• WORK TO COMPLETE: Copy the lines running from the one that contains "Photo of property" to the end of the entries below, exactly and with no pictures.

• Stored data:

◆ ◆ ◆ ◆ ◆

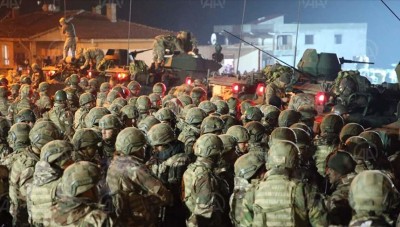 باحث بريطاني يكشف سبب حشد تركيا لأعداد كبيرة من قواتها في إدلب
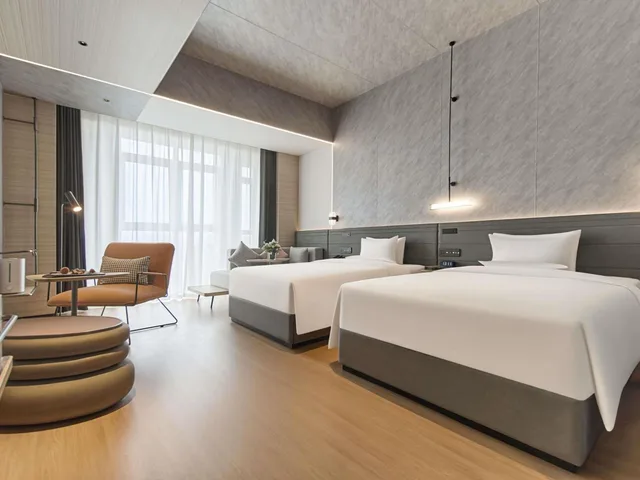 Superior, Twin Beds, Sofa, Novotel Yinchuan Lanxigu 1/7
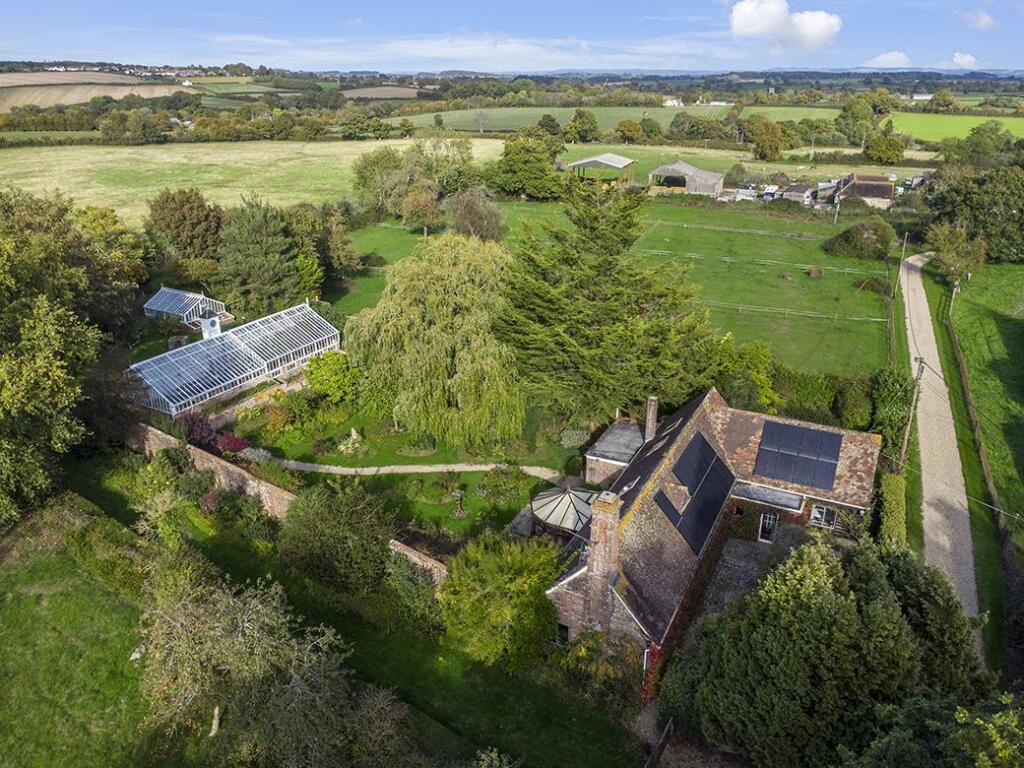 Main image of property: Holwell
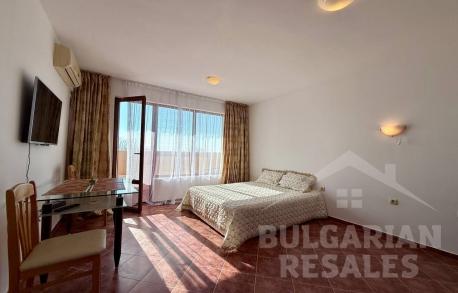 Студио в комплекс с басейн - Снимка 2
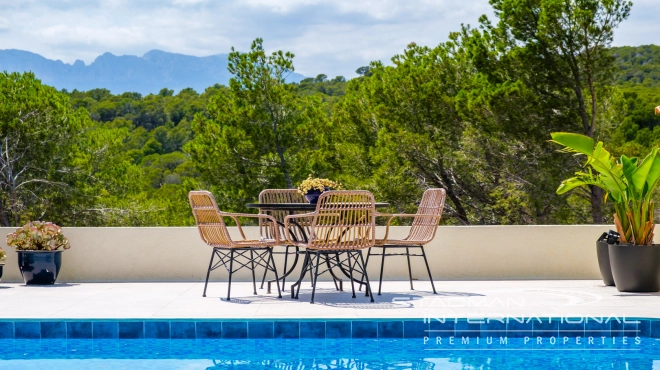 Elegant Villa with Stunning Mountain Views in Altea La Vella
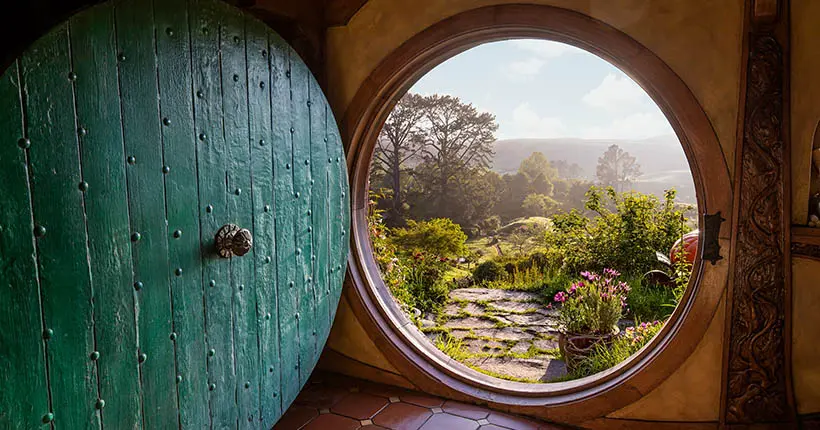 Il est enfin possible de booker la maison du Hobbit de la Comté (poils aux pieds)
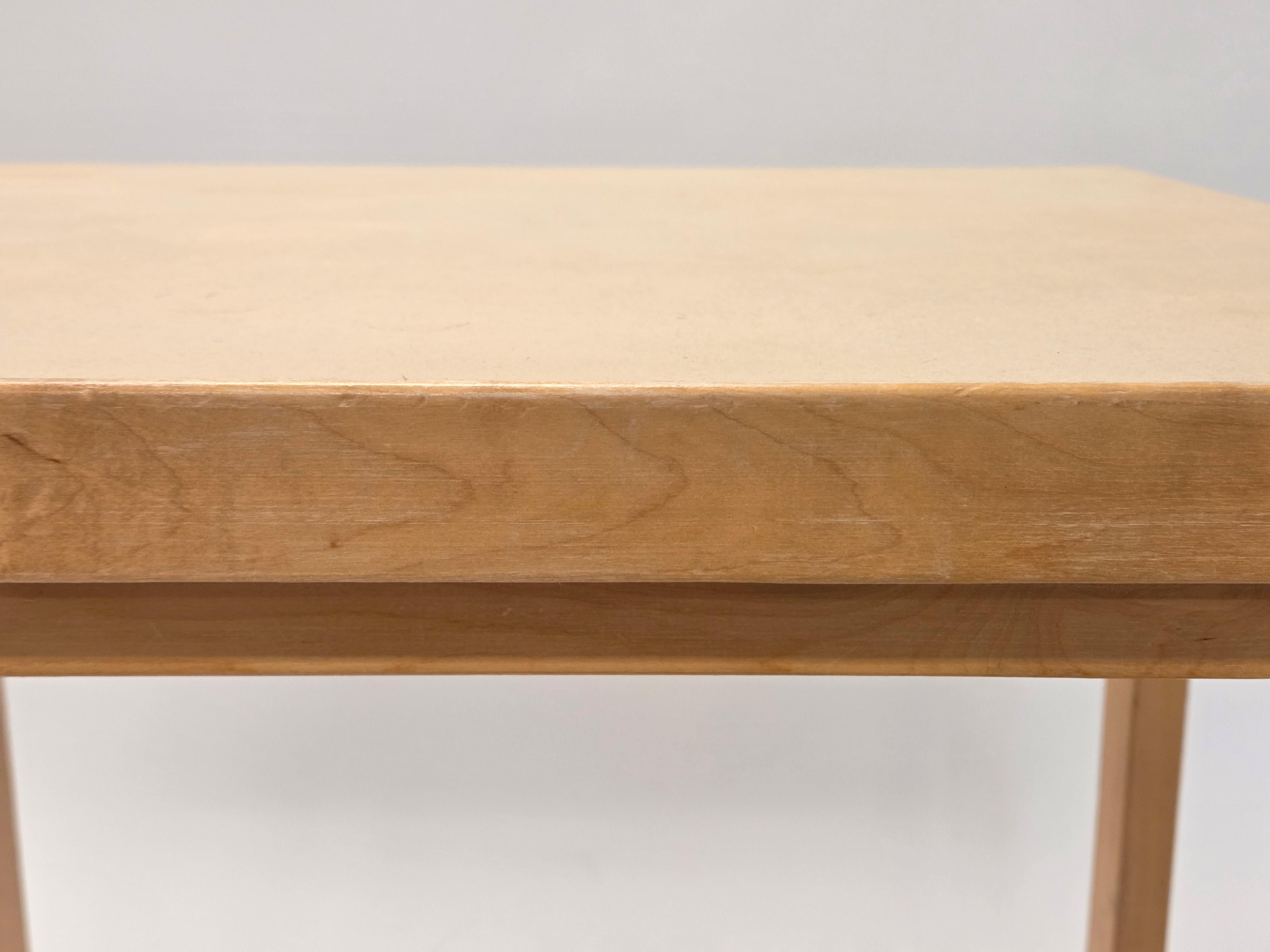 Metà XX secolo Alvar Aalto L-Legged Table by Artek 1960s in vendita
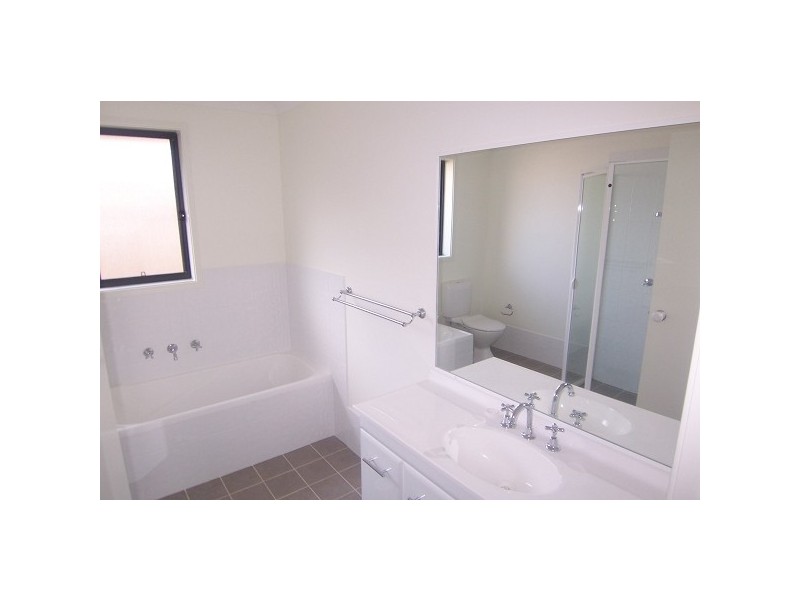 4 Ashton Drive, Heddon Greta NSW 2321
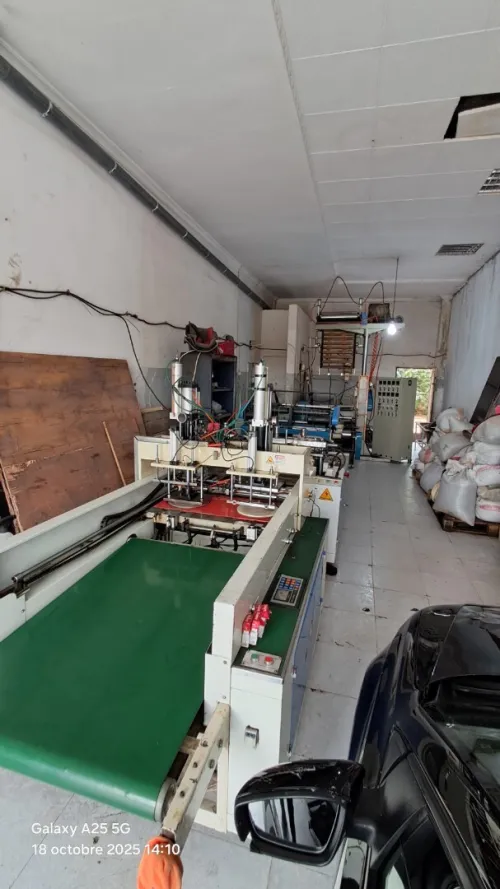 Machine de sacs plastic 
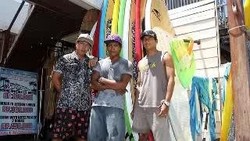 Di Antara Peselancar Penolong Korban Lion Air Adalah Kekasih Corby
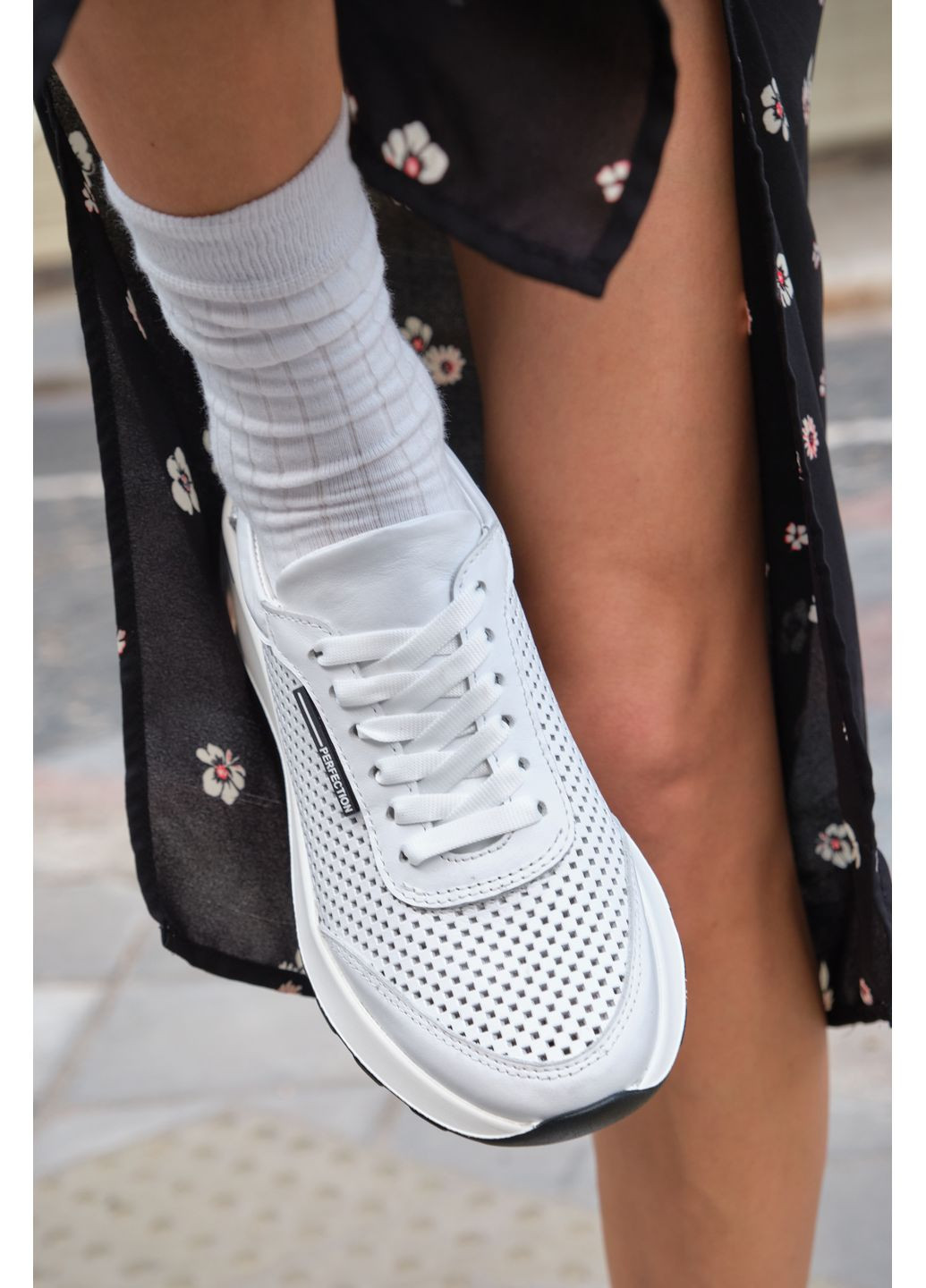 Жіночі кросівки з білої натуральної шкіри з перфорацією, легкі, ручна робота (відшив 3 дні) Paradize білі демісезони (353746272)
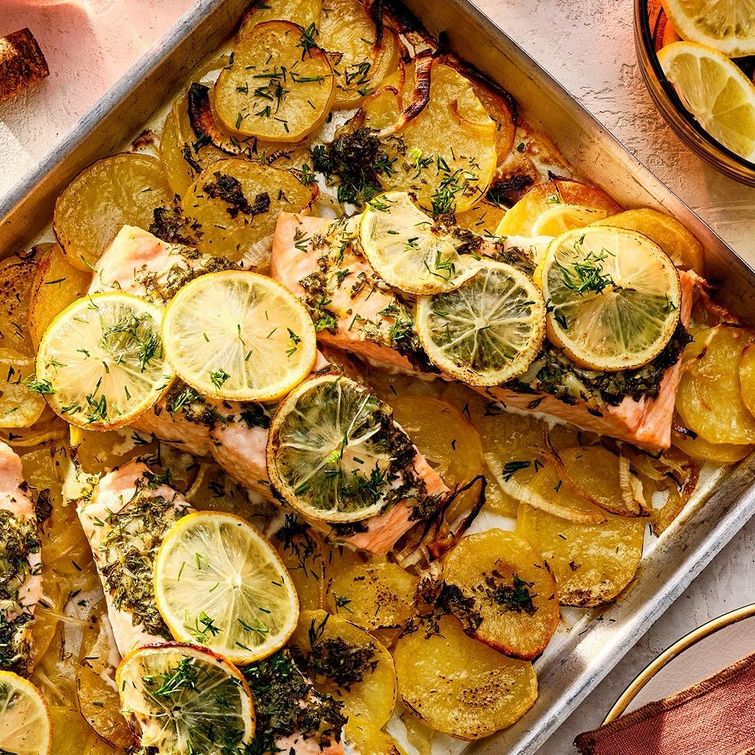 One pan lemony salmon with garlic sauce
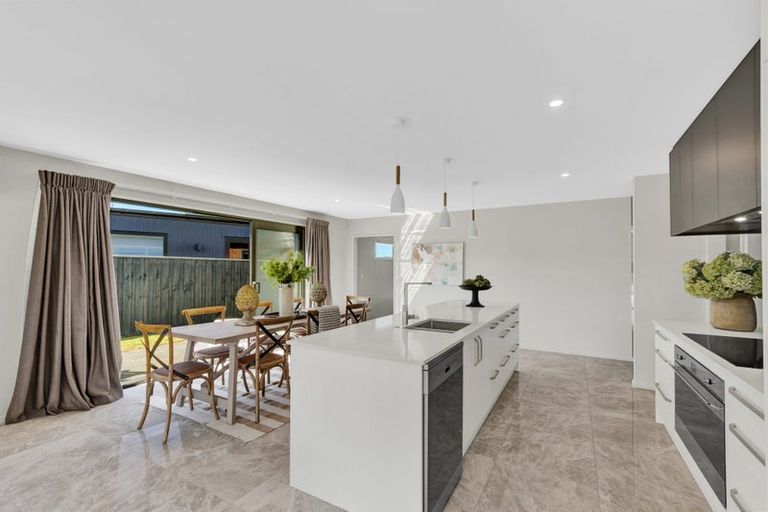 Photo of property in 16 Eleanor Lane, Casebrook, Christchurch, 8051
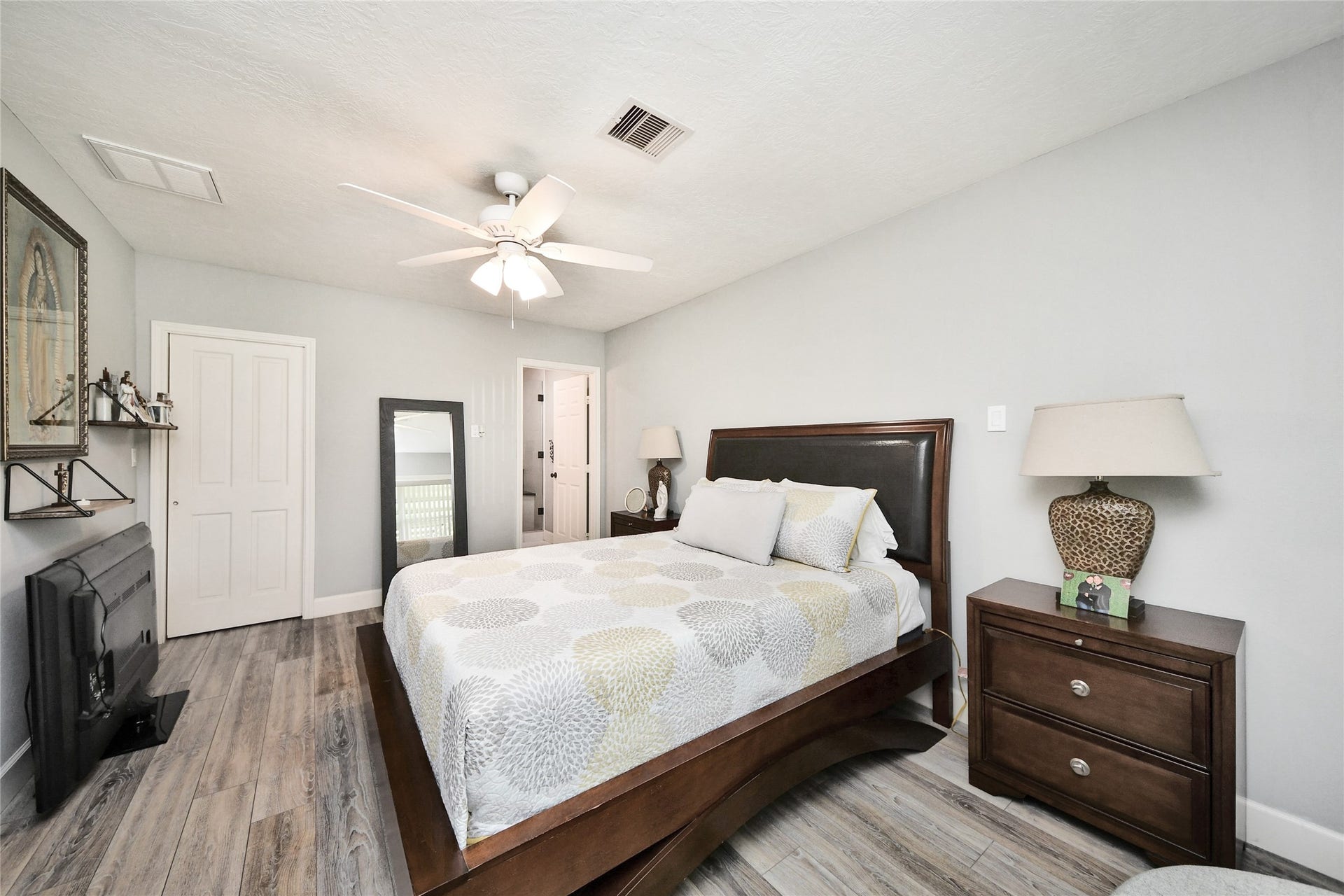 5758 Meadow Creek Lane, Houston, TX 77017 5758 Meadow Creek Lane, Houston, TX 77017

◆ ◆ ◆ ◆ ◆

• EXERCISE SOLUTION:
 Photo of property in 16 Eleanor Lane, Casebrook, Christchurch, 8051
 5758 Meadow Creek Lane, Houston, TX 77017 5758 Meadow Creek Lane, Houston, TX 77017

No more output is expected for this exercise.